A checagem da edição de março da piauí demandou o manuseio de muitas tabelas – de mensagens trocadas entre os procuradores da Lava Jato a dados do Brasileirão. Para alcançar o estado mental que a análise de tabelas requer, a equipe geralmente recorre ao álbum Selected Ambient Works 85-92, de Aphex Twin – algo introspectivo, mas que mantém os olhos bem abertos. No mês de fevereiro, porém, Caroline Polachek lançou uma reedição de seu álbum Desire, I Want To Turn Into You bem a tempo do fechamento da edição. A análise de tabelas se tornou muito mais agradável ao som das imagens insulares e vulcânicas de suas canções.
Nascida em Nova York, Polachek está na cena musical há mais de dezoito anos. Ela começou como metade do duo de pop eletrônico Chairlift, fundado em 2005 e extinto em 2017. Em 2019, aos 34 anos, reiniciou sua carreira com seu primeiro disco solo. Pang – um bom álbum de art-pop – já antecipava as qualidades de Desire…, cuja primeira versão foi lançada em fevereiro de 2023. Sucesso de público e crítica, o conjunto de doze faixas explora o desejo como força motriz da transformação em composições pop refinadas e ecléticas. As vocalizações de inversão (“vocal flipping”) são a marca registrada de Polachek, que compõe e produz as próprias músicas. Surpreendentemente versátil em termos de extensão e controle, ela é capaz de transitar entre diferentes registros, saindo de tons suaves e etéreos até alcançar interpretações mais poderosas. Polachek usa a voz como um instrumento e consegue emitir sons que parecem terem sido manipulados – sua técnica vocal remete à influência das já consagradas Kate Bush, Björk e Imogen Heap.

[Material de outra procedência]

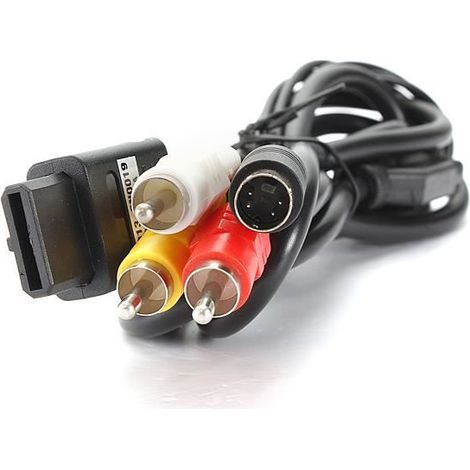 CABLE S-VIDEO AV TV 6 ft POUR Super NINTENDO 64 GAMECUBE SNES N64 GC NGC NEUF (1/3)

A nova versão do álbum acrescenta mais oito faixas a um conjunto já deslumbrante, com destaque para as canções Dang, um batidão dançante, Spring Is Coming With A Strawberry In The Mouth, e a frenética Coma. O álbum é uma das melhores produções da música pop atual, com canções que podem ser apreciadas tanto com bons fones de ouvido, enquanto se analisa tabelas de Excel, quanto na pista de dança.